Male, 19, Contemporary
He was born/raised in Connecticut. He is from the hellhole part, specifically New Haven, home of the Yale campus but also the fourth most dangerous city in America according to the FBI. He’s Byzantine Catholic or Orthodox Christian, so he’s probably of – Armenian? Serbian? Slovak? Don’t know yet – extraction.
His parents hate him, and he doesn’t think about them. They are working class and conservative. They had a falling out over “lifestyle choices.” He got his religious bent from them. His surname is open.
His close friends are Mina and Jonathan. Another character is just called by his surname, Lynch, but his name might be changed to Verevkin or something.

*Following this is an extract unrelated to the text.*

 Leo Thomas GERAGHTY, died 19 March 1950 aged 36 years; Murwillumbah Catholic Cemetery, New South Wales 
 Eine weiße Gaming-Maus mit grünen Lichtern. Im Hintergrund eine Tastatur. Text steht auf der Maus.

He’s a sex worker (prostitute, hustler, whatever you want to call it). He’s very beautiful, but very messed up. He’s seen too many people who he loved hurt, so he thinks the world is a sick place full of anger. He is sick and angry too, but it’s not something that really comes naturally to him … he should have been a good person. He has the kind of anger which isn’t indiscriminate or vicious but which comes from grieving, like a righteous fire.
When I’m naming I generally go with whatever the writer gives me. I trust that they know what they’re talking about when it comes to their characters. In this case, though, I needed to do more. I needed to research a little.

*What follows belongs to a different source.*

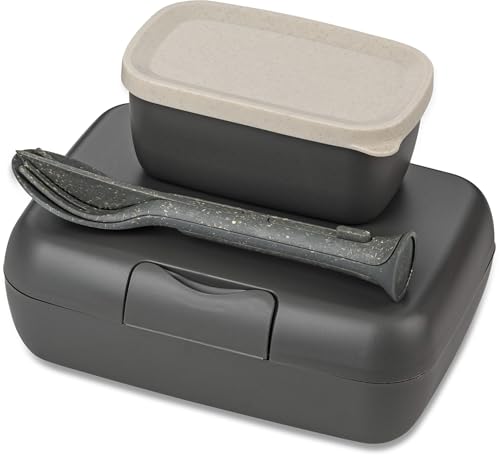 CANDY READY lunch box set + cutlery set nature ash gray on sale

When I’m not the writer, when I only need to research a little (hey, I’m unpaid here!), I go to Wikipedia. I did some quick searches on Byzantine and Orthodox Christianity and on Armenia, Serbia, and Slovakia. I felt like I needed a basis before I could look at names. And I did learn that both Serbians and Slovakians generally use Slavic names.

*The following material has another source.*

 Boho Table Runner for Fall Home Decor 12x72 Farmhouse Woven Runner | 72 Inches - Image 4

Here I chose a selection of names which, I thought, could sound like a beautiful and damaged sex worker.
I’ve given you four Armenian and five Serbian/Slovak names to choose from.
- Branimir (Bran)
I can advise on surnames once an ethnicity and given name are chosen.
The writer replies: Let’s go with Armenian.
Once I knew which selection of names he would be choosing from, I did another search on Wikipedia to find Armenian surnames. With surnames I generally chose whichever one stands out to me. This time my choice was a bit comic.
A little play on his occupation.
- Lorik Bedrosian
- Alik Bedrosian
- Hayrik Bedrosian
- Vartan Bedrosian
The writer replied: I think I’ll go with Hayrik! Thank you, you’ve been a help.
Naming doesn’t have to be hard or serious or stressful. Sometimes all it takes is a little bit of research and a sense of humor.